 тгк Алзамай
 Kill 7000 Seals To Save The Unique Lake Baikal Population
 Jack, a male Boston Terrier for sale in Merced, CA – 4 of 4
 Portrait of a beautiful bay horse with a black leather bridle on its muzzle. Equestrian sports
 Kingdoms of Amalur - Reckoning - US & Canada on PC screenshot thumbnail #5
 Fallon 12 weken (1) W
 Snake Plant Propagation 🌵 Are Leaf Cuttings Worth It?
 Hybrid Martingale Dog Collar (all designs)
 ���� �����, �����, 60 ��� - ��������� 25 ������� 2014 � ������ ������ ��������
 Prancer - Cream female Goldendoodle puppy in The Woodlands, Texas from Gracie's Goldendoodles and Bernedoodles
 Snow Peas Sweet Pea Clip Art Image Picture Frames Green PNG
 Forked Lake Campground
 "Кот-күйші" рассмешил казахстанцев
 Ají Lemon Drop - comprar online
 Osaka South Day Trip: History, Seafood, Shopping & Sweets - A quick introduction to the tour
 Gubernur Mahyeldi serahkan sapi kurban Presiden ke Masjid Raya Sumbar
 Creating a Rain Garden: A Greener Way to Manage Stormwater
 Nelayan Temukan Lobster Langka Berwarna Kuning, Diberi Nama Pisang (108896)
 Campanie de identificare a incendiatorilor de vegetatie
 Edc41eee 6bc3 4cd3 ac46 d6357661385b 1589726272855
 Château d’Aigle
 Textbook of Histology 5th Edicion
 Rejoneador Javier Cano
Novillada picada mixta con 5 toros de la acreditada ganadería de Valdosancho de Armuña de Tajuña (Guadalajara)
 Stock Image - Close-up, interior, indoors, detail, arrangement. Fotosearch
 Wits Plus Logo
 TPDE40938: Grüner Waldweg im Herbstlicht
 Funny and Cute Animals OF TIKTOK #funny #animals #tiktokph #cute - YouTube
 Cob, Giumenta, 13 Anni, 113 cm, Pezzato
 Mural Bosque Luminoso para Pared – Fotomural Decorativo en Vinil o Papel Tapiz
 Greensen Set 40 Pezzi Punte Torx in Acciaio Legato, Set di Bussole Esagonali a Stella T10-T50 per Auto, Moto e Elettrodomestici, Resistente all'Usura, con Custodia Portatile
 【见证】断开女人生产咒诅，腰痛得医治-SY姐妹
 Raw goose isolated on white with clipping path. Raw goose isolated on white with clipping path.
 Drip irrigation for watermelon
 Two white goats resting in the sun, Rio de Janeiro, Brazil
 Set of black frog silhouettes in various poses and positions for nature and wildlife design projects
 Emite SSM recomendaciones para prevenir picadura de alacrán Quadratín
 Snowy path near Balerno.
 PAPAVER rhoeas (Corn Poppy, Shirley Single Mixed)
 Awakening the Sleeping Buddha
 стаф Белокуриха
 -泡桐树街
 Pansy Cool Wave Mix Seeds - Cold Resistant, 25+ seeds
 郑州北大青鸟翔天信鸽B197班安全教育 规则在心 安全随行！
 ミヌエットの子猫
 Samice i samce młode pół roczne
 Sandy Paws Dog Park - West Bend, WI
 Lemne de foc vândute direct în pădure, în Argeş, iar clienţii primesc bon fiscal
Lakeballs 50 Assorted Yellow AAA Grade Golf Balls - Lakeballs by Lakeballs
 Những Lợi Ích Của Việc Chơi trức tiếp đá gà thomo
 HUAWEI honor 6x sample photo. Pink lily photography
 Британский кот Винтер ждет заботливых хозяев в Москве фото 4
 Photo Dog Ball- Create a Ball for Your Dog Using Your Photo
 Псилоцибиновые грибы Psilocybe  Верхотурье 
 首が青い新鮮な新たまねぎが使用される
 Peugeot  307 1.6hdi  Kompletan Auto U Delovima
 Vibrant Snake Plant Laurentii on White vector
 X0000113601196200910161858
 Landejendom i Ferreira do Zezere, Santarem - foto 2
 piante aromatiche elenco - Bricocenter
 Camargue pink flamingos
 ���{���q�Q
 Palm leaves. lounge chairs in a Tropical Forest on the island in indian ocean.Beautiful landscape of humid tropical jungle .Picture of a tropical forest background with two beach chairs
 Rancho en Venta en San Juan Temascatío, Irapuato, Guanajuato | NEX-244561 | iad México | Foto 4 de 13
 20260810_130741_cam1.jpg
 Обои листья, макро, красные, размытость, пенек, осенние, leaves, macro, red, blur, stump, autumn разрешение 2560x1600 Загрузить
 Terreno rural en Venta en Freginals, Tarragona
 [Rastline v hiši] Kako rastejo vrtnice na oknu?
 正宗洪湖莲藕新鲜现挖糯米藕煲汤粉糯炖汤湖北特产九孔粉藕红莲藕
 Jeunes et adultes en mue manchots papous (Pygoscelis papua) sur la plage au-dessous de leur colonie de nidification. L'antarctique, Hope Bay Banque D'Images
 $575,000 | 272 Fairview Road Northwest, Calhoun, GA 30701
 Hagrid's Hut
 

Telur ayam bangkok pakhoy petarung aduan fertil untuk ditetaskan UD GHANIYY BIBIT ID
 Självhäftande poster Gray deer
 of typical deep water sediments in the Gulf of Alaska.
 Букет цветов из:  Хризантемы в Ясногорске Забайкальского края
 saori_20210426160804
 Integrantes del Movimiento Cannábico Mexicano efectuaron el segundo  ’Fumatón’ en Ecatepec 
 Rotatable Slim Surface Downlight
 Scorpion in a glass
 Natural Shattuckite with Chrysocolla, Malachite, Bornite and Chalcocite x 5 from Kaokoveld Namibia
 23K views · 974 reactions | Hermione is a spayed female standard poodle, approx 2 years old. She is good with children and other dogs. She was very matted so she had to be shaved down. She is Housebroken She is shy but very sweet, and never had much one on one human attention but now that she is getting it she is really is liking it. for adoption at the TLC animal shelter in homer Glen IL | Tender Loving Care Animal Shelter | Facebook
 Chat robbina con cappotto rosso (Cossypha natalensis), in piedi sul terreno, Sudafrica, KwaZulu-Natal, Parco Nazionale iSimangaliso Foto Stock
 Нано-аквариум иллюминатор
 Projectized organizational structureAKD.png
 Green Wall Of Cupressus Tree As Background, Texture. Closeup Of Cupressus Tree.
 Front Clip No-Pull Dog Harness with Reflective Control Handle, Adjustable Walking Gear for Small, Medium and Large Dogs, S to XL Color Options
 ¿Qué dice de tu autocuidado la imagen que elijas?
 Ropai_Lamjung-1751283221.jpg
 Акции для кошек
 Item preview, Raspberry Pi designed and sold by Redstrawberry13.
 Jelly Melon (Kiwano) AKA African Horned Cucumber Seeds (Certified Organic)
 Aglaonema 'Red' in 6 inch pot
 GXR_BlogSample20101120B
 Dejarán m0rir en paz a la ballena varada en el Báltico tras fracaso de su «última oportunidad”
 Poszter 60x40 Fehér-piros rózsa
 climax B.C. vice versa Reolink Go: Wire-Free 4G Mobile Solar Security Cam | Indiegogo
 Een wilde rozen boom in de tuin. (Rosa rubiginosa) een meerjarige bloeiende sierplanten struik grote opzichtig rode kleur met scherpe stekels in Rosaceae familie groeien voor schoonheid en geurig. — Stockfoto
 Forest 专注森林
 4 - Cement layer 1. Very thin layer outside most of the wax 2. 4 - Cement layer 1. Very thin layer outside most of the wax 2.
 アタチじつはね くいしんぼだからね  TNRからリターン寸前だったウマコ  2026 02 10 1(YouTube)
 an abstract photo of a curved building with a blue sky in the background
-=-=-
_Problem details_
Report how many lines in the data contain the word "para", with no words besides the number.

_Answer to this exercise_
2